▶ **The problem**: The result should be the lines from the one that contains "400C color depth" to the final line of the entries below, copied exactly and with no pictures.

Top of Provided information

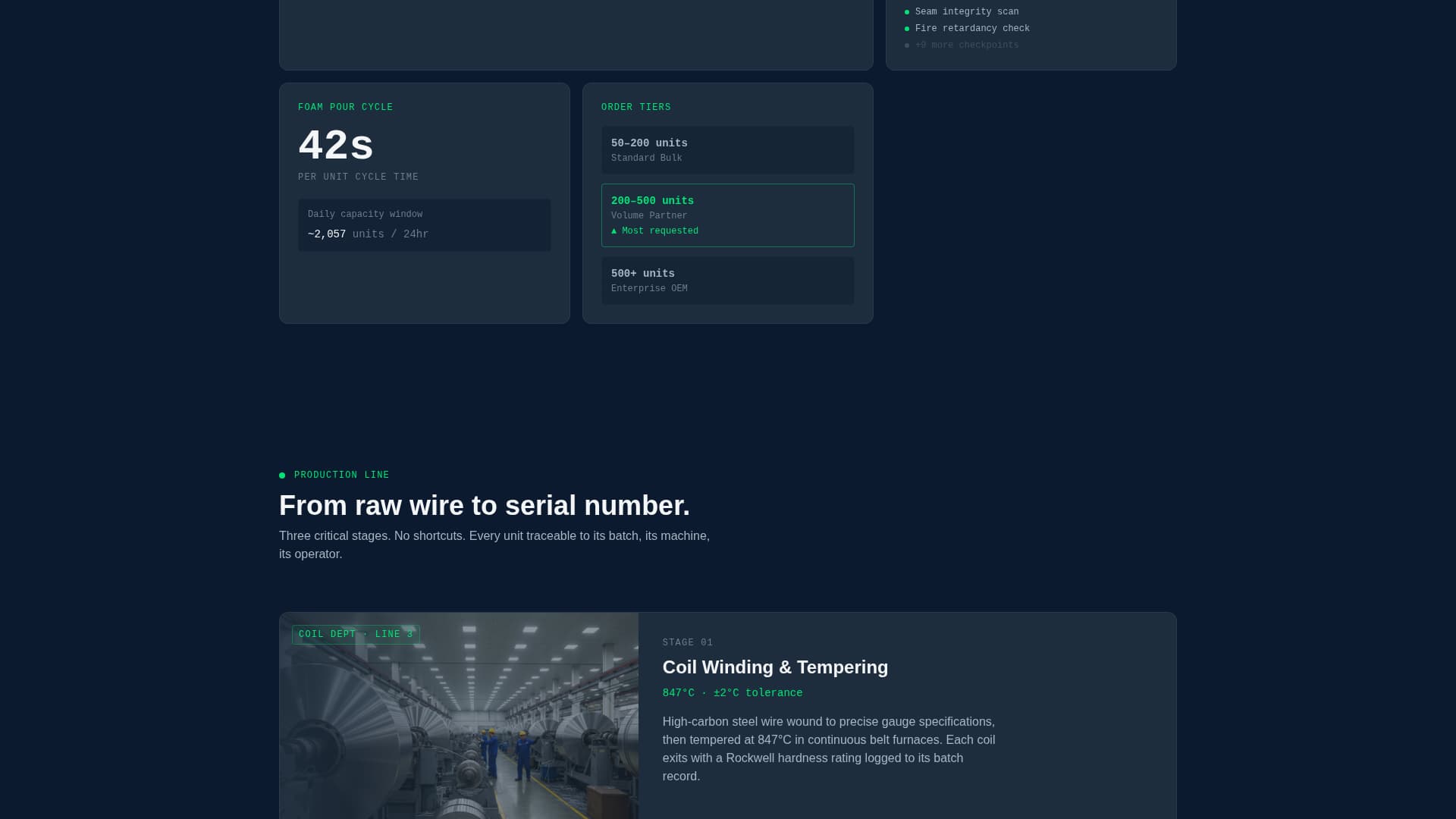 Dormant - Precision Mattress Landing Page Template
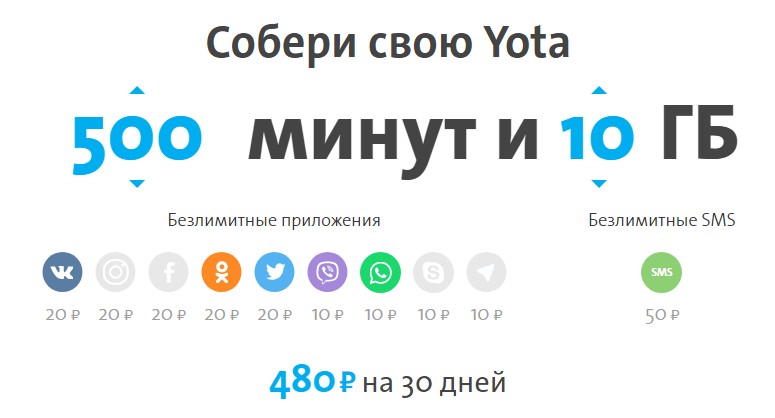 2022 оценки подписчиков yota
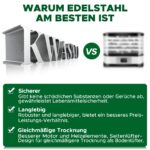 Kwasyo Dörrautomat Edelstahl 8 Etagen – Profi-Trocknung für Obst, Gemüse & Fleisch – Bild 3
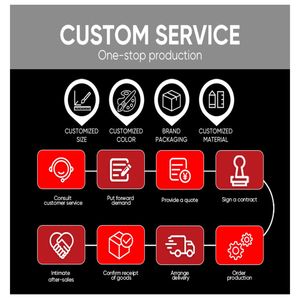 Kauçuk oluklu boru demeti kılıfı Kauçuk Ürünleri Nbr/epdm Kauçuk Parçaları Özelleştirin - Product Image 4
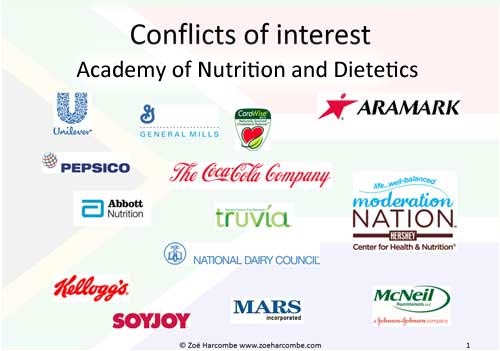 academy of nutrition and dietetics
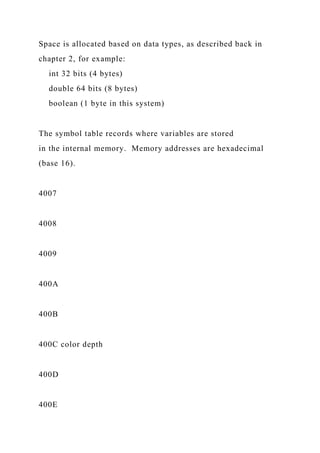 Space is allocated based on data types, as described back in
chapter 2, for example:
int 32 bits (4 bytes)
double 64 bits (8 bytes)
boolean (1 byte in this system)
The symbol table records where variables are stored
in the internal memory. Memory addresses are hexadecimal
(base 16).
4007
4008
4009
400A
400B
400C color depth
400D
400E
 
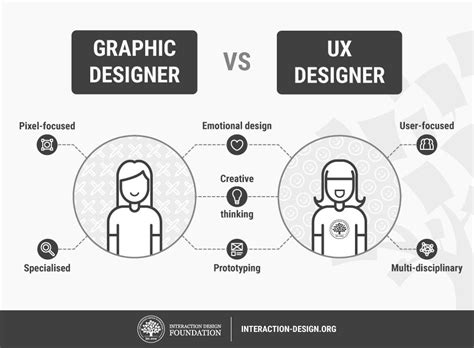 How To Change Your Career From Graphic Design To Ux Design What Is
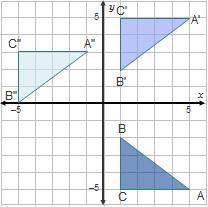 On a coordinate plane, 3 triangles are shown. Triangle A B C has points (5, negative 5), (1, negati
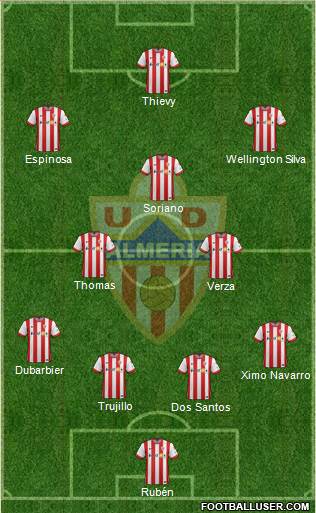 U.D. Almería S.A.D. Formation 2015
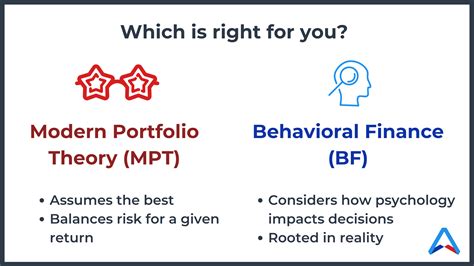 modern portfolio theory  behavioral finance understanding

Bottom of Provided information

▶ **Task response**:
400C color depth
400D
400E
 
 How To Change Your Career From Graphic Design To Ux Design What Is
 On a coordinate plane, 3 triangles are shown. Triangle A B C has points (5, negative 5), (1, negati
 U.D. Almería S.A.D. Formation 2015
 modern portfolio theory  behavioral finance understanding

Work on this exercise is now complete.